Diverse approaches to admissions labyrinth on view at HS fair

Eighth-graders and their parents began queuing up outside Brooklyn Technical High School on Saturday an hour before the annual citywide high school fair’s start time, and by 9:45 a.m. a long line of families wrapped around the block. When the doors opened at 10 a.m., they poured into the stuffy building, some of the tens of thousands of families that passed through the fair this weekend.

Inside, Brooklyn Tech’s eight stories were something of a labyrinth — but no more so than the high school admissions process itself. Parents and students that we met outlined varying strategies for navigating the fair and the journey to high school.
Laura Napiza and her daughter Samantha tried traversing the hallways but seemed completely lost. “We just got here and it’s very overwhelming,” Laura Napiza said. “We’re looking for a high school with a strong academic program that also has something that she’d be interested in. Right now she wants to be a teacher.”
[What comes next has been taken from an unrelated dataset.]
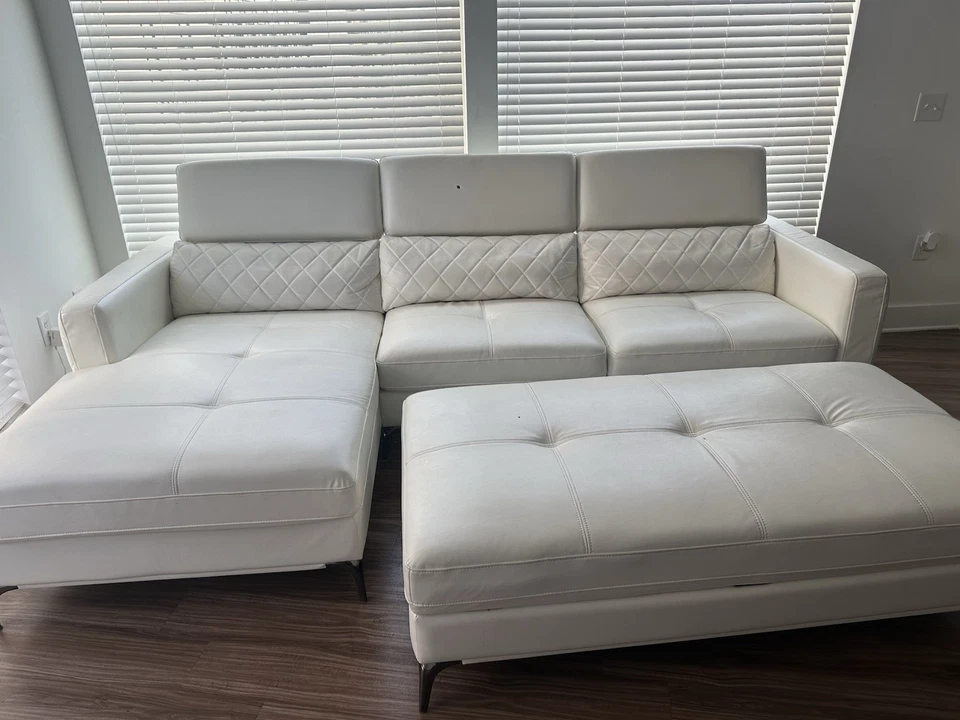 Juego de sofá de cuero blanco Foto 3 de 4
They said their goal was to visit the Queens High School of Teaching, Liberal Arts, and the Sciences and Maspeth High School — if they could find those tables. Saying they planned to inquire about graduation rates, student-to-teacher ratios and extracurricular options, the mother and daughter disappeared into the melee.
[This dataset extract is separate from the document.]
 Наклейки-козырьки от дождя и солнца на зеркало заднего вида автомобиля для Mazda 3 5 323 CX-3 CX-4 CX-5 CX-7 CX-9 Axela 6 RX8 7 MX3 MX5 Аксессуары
Beverly Brailsford and her son Spencer Jackson came in with a clear plan of action: Head straight to the seventh floor and methodically work downwards, hitting only the schools with strong academic programs and track and field teams. First, though, the pair found a quiet hallway where they could sit down and prepare. With the high school directory in her lap, a pen in her hand, and a notebook turned to a fresh page, Brailsford took notes on schools such as Aviation High School and Medgar Evers College Preparatory School while Jackson played on his phone. “I think it’s more of a mom thing,” Brailsford said of the process. “As long as they have what he’s into, it works for him.”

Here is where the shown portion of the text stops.